Secret des avocats : risque de délinquance économique
Laurence Vichnievsky, députée MoDem, et ancienne juge d’instruction, s’inquiète d’une « justice à deux vitesses » dans l’Opinion
Le secret professionnel des avocats est renforcé par le projet de loi « pour la confiance dans l’institution judiciaire ». Un amendement adopté en commission des lois l’a même étendu : il couvre non seulement la défense mais aussi les activités de conseil des avocats. Qu’en pensez-vous ?
Le secret de la défense doit être protégé et il l’est déjà largement. J’y suis favorable, par principe, et ne suis pas opposée à ce qu’il le soit davantage. Cette volonté d’une plus grande protection répond sans doute à l’émotion légitime des avocats à la suite de l’affaire dite « des fadettes », qui a choqué aussi nombre de magistrats et d’anciens magistrats, dont je fais partie. Mais les excès individuels ne sont pas systémiques. Le secret est respecté dans la quasi-totalité des enquêtes. Combien de perquisitions dans un cabinet d’avocat sont-elles menées par an ? Le nombre n’a pas été communiqué, je ne pense pas qu’il soit très élevé. Et les magistrats ne débarquent pas dans un cabinet comme bon leur semble mais parce qu’une procédure pénale en cours vise un client de l’avocat.
L’extension du secret aux activités de conseil va-t-elle changer la donne en matière économique et financière ?
L’activité de conseil fait partie intégrante de la mission de l’avocat, qui ne se limite pas à la représentation et à l’assistance de ses clients en justice. Elle doit donc être protégée. Dans la pratique les juges ne saisissent pas n’importe quel document. Et toute la correspondance entre un avocat et son client est déjà couverte par le secret.
Les autres mesures pour encadrer les enquêtes vont-elles constituer un frein pour les magistrats ?
L’un des changements importants apportés par le texte est qu’il prévoit que lorsque la perquisition est justifiée par la mise en cause de l’avocat, elle ne pourra être autorisée que s’il existe des raisons plausibles de soupçonner celui-ci d’avoir commis ou tenté de commettre l’infraction qui fait l’objet de la procédure. Actuellement, ce n’est pas le cas. La protection des avocats en sera renforcée mais les enquêtes deviendront sans doute plus difficiles à faire progresser. C’est la raison pour laquelle j’ai déposé un amendement (retenu par le gouvernement) tendant à ce que la perquisition soit possible lorsqu’il existe des raisons plausibles de soupçonner l’avocat d’avoir commis non seulement l’infraction qui fait l’objet de la procédure mais encore une infraction connexe comme des actes de recel ou de blanchiment des produits de l’infraction.

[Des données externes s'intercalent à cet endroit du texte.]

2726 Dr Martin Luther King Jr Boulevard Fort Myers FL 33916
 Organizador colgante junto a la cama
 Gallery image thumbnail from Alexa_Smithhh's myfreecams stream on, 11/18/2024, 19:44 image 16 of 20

Votre autre amendement permettant aux enquêtes préliminaires en matière de grande délinquance économique et financière, menées par le Parquet national financier, de pouvoir durer jusqu’à cinq ans, comme c’est le cas pour le terrorisme et la criminalité organisée, n’a pas été retenu. Pourquoi ?
Le garde des Sceaux a refusé cette extension, qui permettait pourtant de donner les moyens aux services de police judiciaire de mener à bien des enquêtes lourdes et complexes. L’ouverture d’une information, au bout de trois ans d’une enquête préliminaire inachevée n’est pas une réponse pénale satisfaisante. Cela pourrait ressembler à un enterrement ou presque : les affaires seront sans doute jugées, mais dix à quinze ans après les faits. Je déposerai à nouveau cet amendement en séance publique.
Il faut faire attention. En sanctuarisant la délinquance économique et financière, on risque d’accréditer l’idée d’une justice à deux vitesses, selon le degré de fortune des justiciables, ce qui n’est pas de nature à renforcer la confiance des Français en l’institution judiciaire. Mon autre crainte, plus fondamentale, est que cette réforme constitue un premier pas pour ceux qui n’acceptent pas la logique procédurale de l’enquête préliminaire, au motif qu’elle n’est pas contradictoire et qu’elle est en décalage par rapport aux normes anglo-saxonnes. Il faudra là encore trouver le bon équilibre entre le besoin toujours croissant de transparence et de contradictoire et l’efficacité de notre justice pénale.